The same pattern applies to Google Maps (use a static map image as placeholder), Intercom and Drift (use a custom “Chat” button that loads the SDK on click), and Calendly embeds (open in a modal on demand).

Lighthouse’s Facade audit specifically flags third-party embeds that have known lightweight alternatives and quantifies the time savings. It’s one of the most actionable audits in the report.
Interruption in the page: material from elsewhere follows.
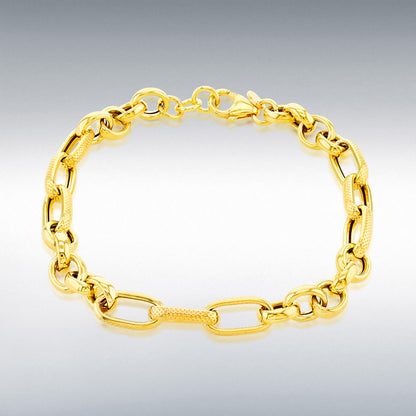 9ct Yellow Gold Fancy Belcher Curb Bracelet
Putting It Together: A Pre-Launch Checklist

Every page I ship now goes through a quick mental checklist before it hits production:

LCP image has loading="eager", fetchpriority="high", explicit width and height, and is preloaded in <head>
LCP image is served in WebP (AVIF if the CDN supports it), with JPEG fallback via <picture>
All images have srcset and sizes for responsive resolution selection
No image is missing width and height attributes
Web fonts use font-display: swap or fallback; preconnect to font CDN is in <head>
Font files are subsetted to the character ranges actually used
GTM container is audited; no tags fire synchronously on page load
YouTube/maps/chat embeds use a facade
third-party-web data checked for any new scripts added in the last sprint

The facade pattern, combined with deferring GTM tags to DOMContentLoaded, is consistently the highest-leverage fix for third-party script LCP impact: the marketing team’s tags still fire correctly, just after the user has already seen the page.